WHAT IS REQUIRED:
Pull out every line from the line containing "Sports Car Phone Case for Samsung" through the end of the material, both ends included, and reproduce it exactly. Keep pictures out.

*** RECORDED INFORMATION Section Begins ***

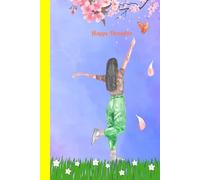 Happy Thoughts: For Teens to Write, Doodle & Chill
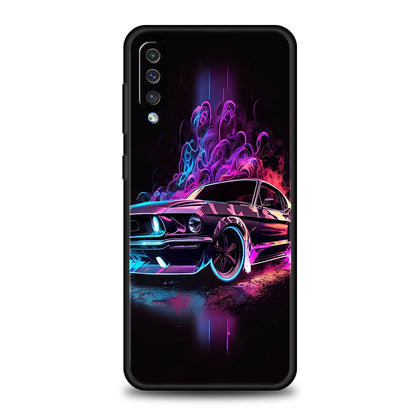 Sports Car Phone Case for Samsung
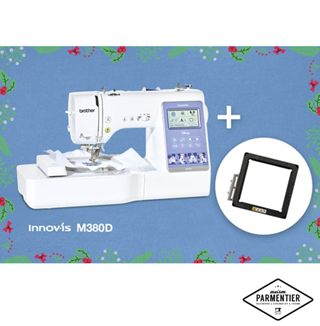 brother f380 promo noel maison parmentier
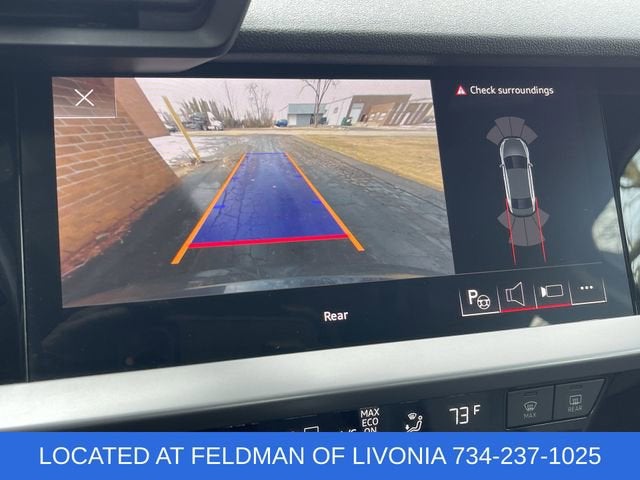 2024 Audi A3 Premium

*** RECORDED INFORMATION Section Ends ***

EXERCISE RESPONSE:
 Sports Car Phone Case for Samsung
 brother f380 promo noel maison parmentier
 2024 Audi A3 Premium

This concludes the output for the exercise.